Müdürümüz hep odasında değil, arada sırada kendisi de
kameraya görünüyor. Yarın müfettişler sorarsa ne diyecek? Hep odamdaydım dese
olmaz. Arada çıkıp dolaşmalı. Okulun her yerinde olduğunu kameralar kayıt
etmeli. Soran olduğunda hep odamda oturmadım diyecek. Gördüğünüz gibi sayın bakanım
okulu denetliyorum. Kayıtta da göründüğü gibi tuvaletlere kadar girip kontrol
ediyorum. Aferin sana müdür, hep böyle ol. Ömer Dinçerlerin senin gibi
müdürlere ihtiyacı var.
Öğretmenler aralarında Murtazağa’nın dedikodusunu
yapıyorlar. Müdürüm çok çalışıyor. Müdürümün gözleri kameralardan daha iyi
görüyor. Yaşa müdürüm. Öğretmenler çok tembel. Kameralar sayesinde ne kadar
tembel oldukları tespit edilecek. Tembel öğretmen istemiyoruz. Böyle giderse
çağ atlayacağız sayın bakanım. Hiçbir öğretmen derse geç kalmayacak.
Dolayısıyla eğitim öğretimde büyük sıçrama yaşayacağız. Çağ nasıl atlanırmış
dünya âlem görecek. Devam müdürüm. İzle müdürüm.
Okullara konan güvenlik kameraları ne işe yarıyor diyenler
şunu bilsin: Kameralar iş verimini artırmak için konuyor. Öğretmenler hadi
oradan, diyor. Bana göre kapitalizm çağ atladı. Kıçınız fazla havaya kalktı. Amacınız
köleleri izlemek. Öğretmenler köle. Sendikasız köle… Kölelerden en yüksek
verimi nasıl elde edebiliriz? İyi çalışmayan kölelere ceza... Gel bakalım köle?

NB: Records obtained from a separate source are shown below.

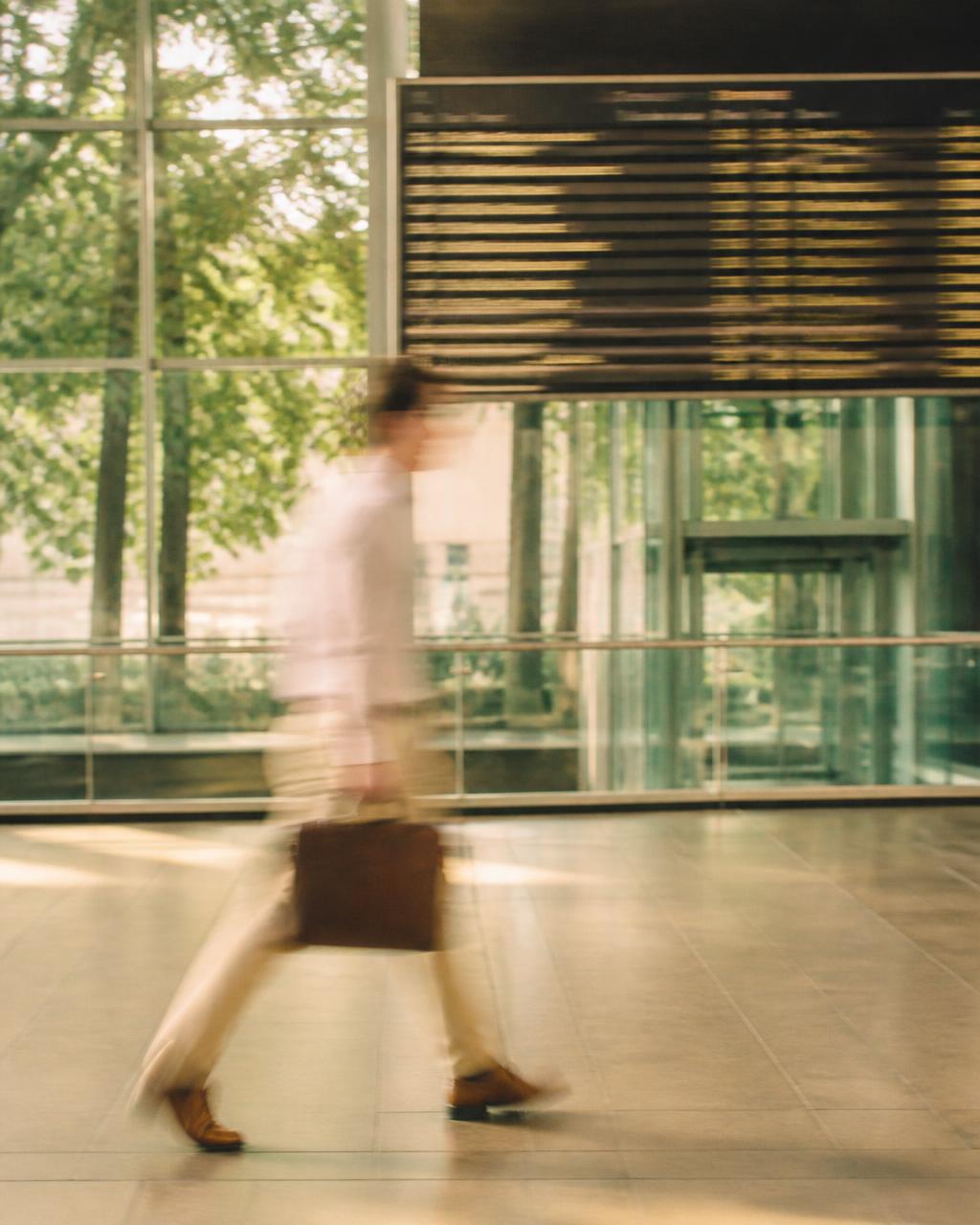 Business traveller in motion blur walking through a modern European station lobby in summer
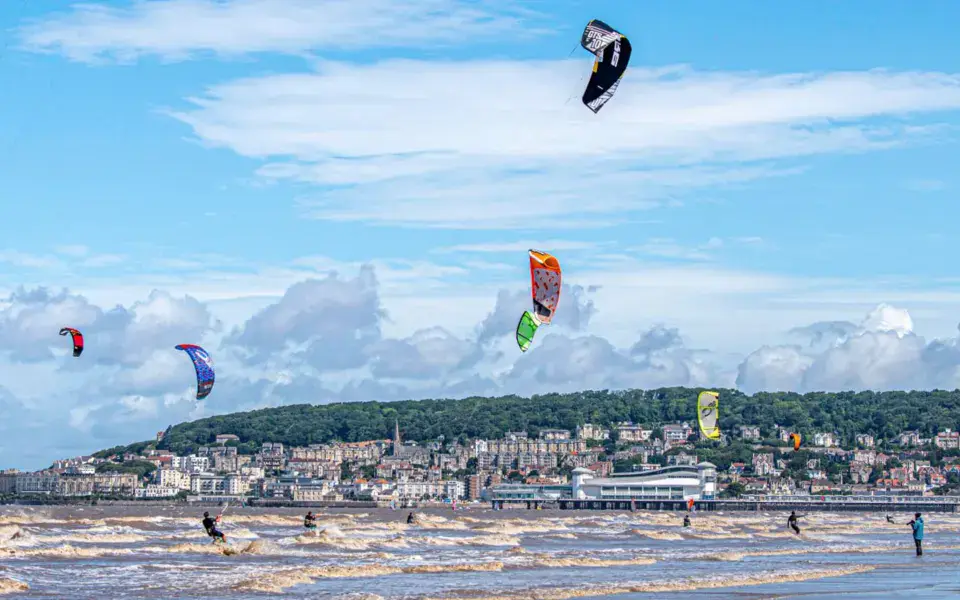 Nombreux kitesurfeurs au-dessus d'une plage, devant une ville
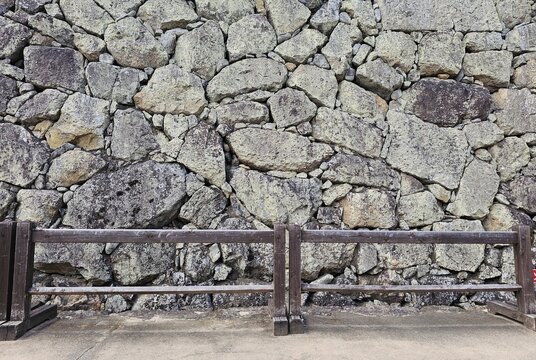 Ancient Himeji Castle stone wall background with wooden fence.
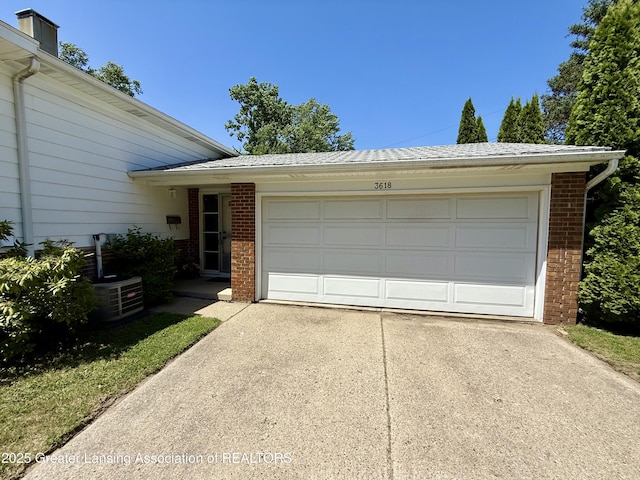 3618 Alpine Dr, Lansing, MI 48911 - view of front of house featuring brick siding, concrete driveway, and a garage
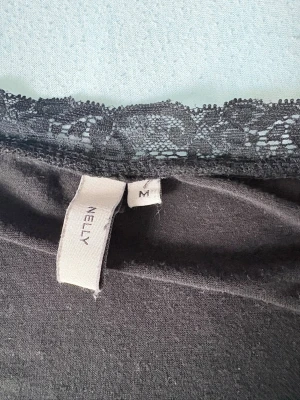 Svart topp med spets från Nelly - Snygg svart från Nelly med långa ärmar och v-ringad halsringning dekorerad med spetsdetaljer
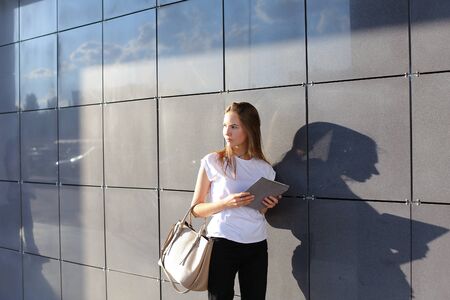 Female work, negotiating, solves problems, browsing touch looking tablet. Young beautiful business woman entrepreneur with long hair wearing suit standing near center technology sun.の写真素材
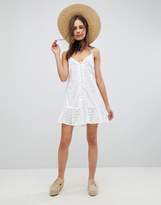 Thumbnail for your product : ASOS DESIGN Cami Button Through Broderie Mini Sundress with Ruffle Hem
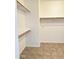 Bright walk-in closet featuring built-in shelving and a rod for maximum storage at 7419 S 45Th Ave, Laveen, AZ 85339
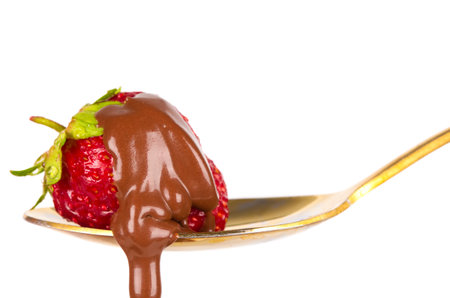 Strawberries on golden spoon with chocolate dipping isolated on white. Chocolate dripping from strawberries. beautiful redberry. sweet dessert.の写真素材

Ne diyorsun bu görüntüler için. Şu sen değil misin? Saat kaç. Beş dakika geç
kalmışsın derse. Başka bir gün on dakika. Ne iş? Şey efendim. Başlarım şeyine
lan! Burası ringonun ahırı değil.
Yanılıyorsunuz efendim… Kameralar öğretmenleri zaptı rap
altına almak için değil, öğrencilerin güvenliği içindir. Okula hırsız girmesin
diye… Okulda bir olay oldu. Bir öğrenci bir öğretmeni bıçakladı mesela… Olay
nasıl oldu? Kim haklı, kim haksız… Kameralar bize gerçeği gösterecek. Her şey kamera kayıtlarında var, demek için…

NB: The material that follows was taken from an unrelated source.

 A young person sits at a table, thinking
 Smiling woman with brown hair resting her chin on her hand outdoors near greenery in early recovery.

Ya da bir öğrenci okula kaleşnikofla geldi. İzleyin bakın. İstiklal marşı töreni
yapılıyor. Öğrenci kaleşnikofu doğrulttu, ateş etmeye başladı. Müdür, odasında
olayı izledi. Ne var ki öğrencinin elindeki makineliyi önce oyuncak sandı.
Nereden bilsin efendim.
Kimin aklına gelir öğrencinin okula makineliyle geleceği...
Oyuncak silah zannetmiş müdür bey. Ancak ateş edince anlayabildim. Bir de
baktım öğrenciler kanlar içinde yere seriliyor. Kanı görünce gerçeği anladım. Hemen
telefona sarılıyor Murtazağa ama nafile. Polis geldiğinde yerde onlarca
öğrencinin ölü olduğu görülüyor. Allah göstermesin. Mesela yani. Sen adam
olmazsın Murtazağa. Okulun güvenliği kamera ile sağlanmaz… Neyle sağlanır.

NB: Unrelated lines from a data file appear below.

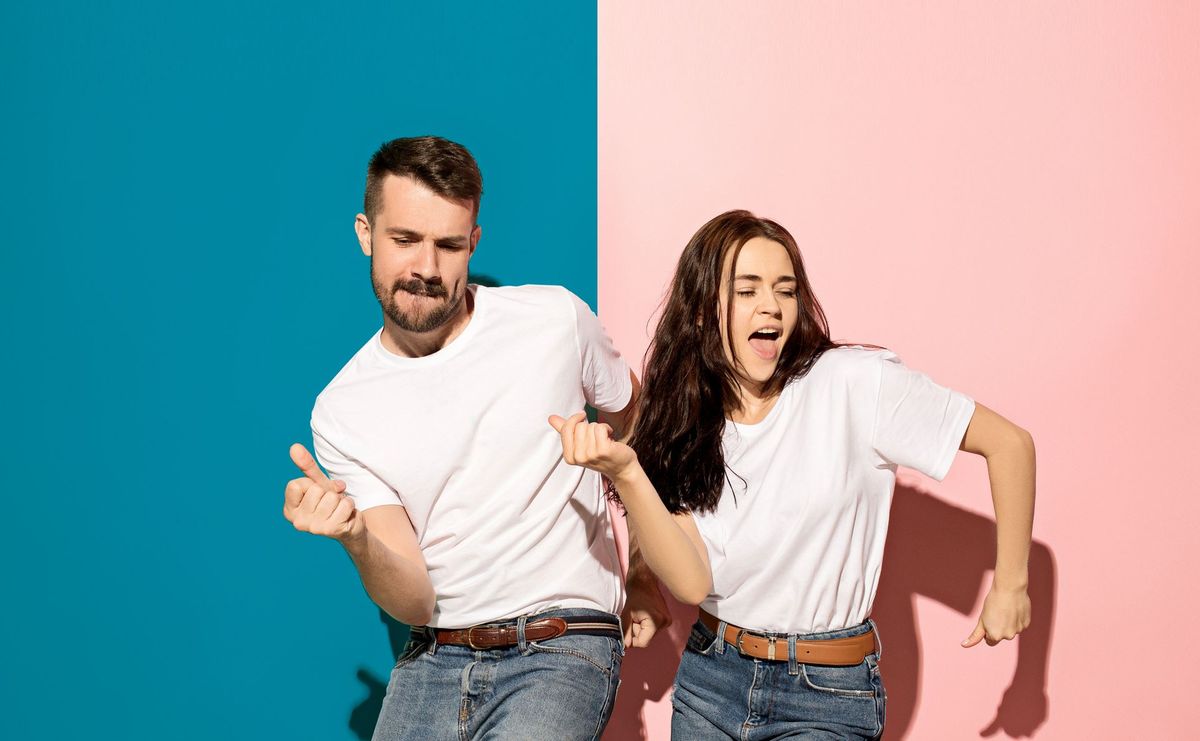 Un homme et une femme en t-shirt blanc dansent devant un mur mi-turquoise, mi-rose.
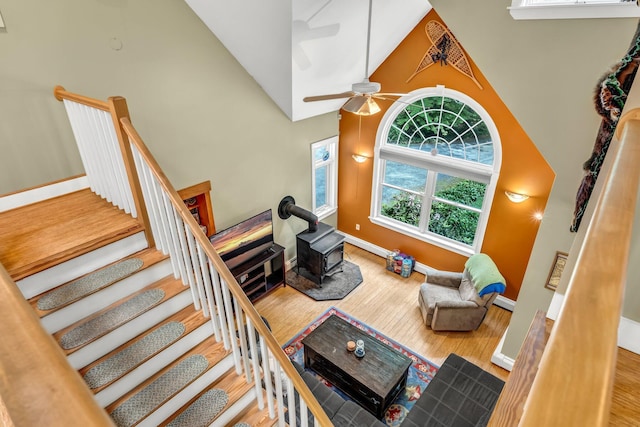 2 Falling Pines Ln, Readfield, ME 04355 - living area with a wood stove, wood finished floors, high vaulted ceiling, a ceiling fan, and stairway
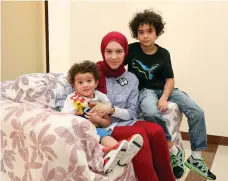  ?? Chris Whiteoak / The National ?? Shahenda Al Bakri with her sons Aly Al Kady, 7, and Abd Elrahman Al Kady, 2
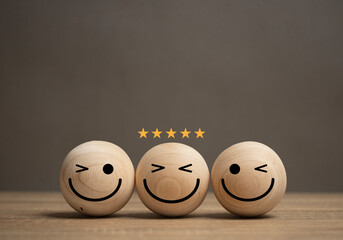 concept of service satisfaction A smiley face ball is placed on the table and there is a gold star on the ball. The customer feedback survey rating. Business excellent score. Good evaluation emotion.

Hepinizin başına polis diksek nasıl olur? Polisler yüzlerinde Ömer Dinçer
maskesiyle okula girsin.
Bak Müdür, eğitim de başarı öğretmeni izlemekle sağlanmaz. Önce
okulları adam etmek lazım. Eğitim sistemini yıkıp yeniden yapmak lazım.
Öğrencileri sınav stresinden kurtarmak lazım. Eğitimi eğlenceli hale getirmek
lazım. Öğrenmek keyif veren bir etkinliktir. Öğrenci bunu unuttu. Öğrenci okumuyor,
kendini geliştirmek için okuyup yazmıyor. Spor yok, sanat eğitimi yok. Nedir
okul? Okul sürekli sınav yapılan, test çözülen bir yer oldu. Herkes sınava çalışıyor.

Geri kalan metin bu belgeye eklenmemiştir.